Exact transcription of the data below is required, without the images.

**Supplied material**
*** Begin section ***

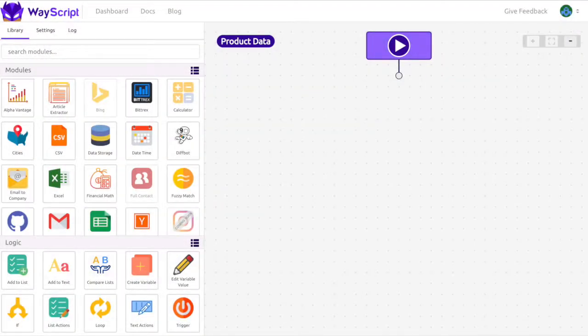Hi, it's Roy from WayScript and today I'm going to show you how you can get datasets on e-commerce products.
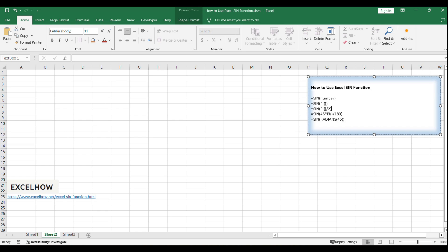If you're working with degrees, you'll need to convert them to radians because the SIN function operates on radians. You can do this by multiplying the degree value by pi/180.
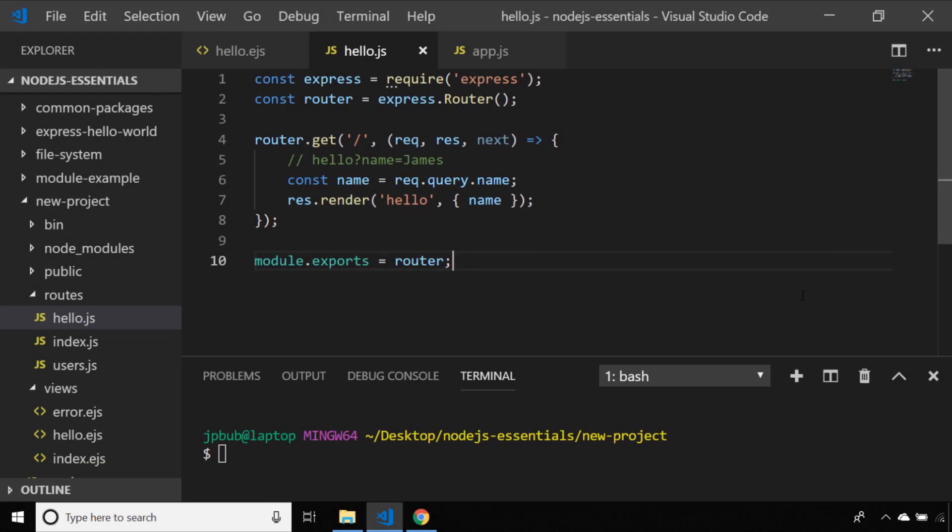In this tutorial we're going to look at three additional things that you can do with routing in Express.js that will put you on your way to becoming a professional Node and Express.js developer.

*** End section ***

**Result below**
Hi, it's Roy from WayScript and today I'm going to show you how you can get datasets on e-commerce products.
If you're working with degrees, you'll need to convert them to radians because the SIN function operates on radians. You can do this by multiplying the degree value by pi/180.
In this tutorial we're going to look at three additional things that you can do with routing in Express.js that will put you on your way to becoming a professional Node and Express.js developer.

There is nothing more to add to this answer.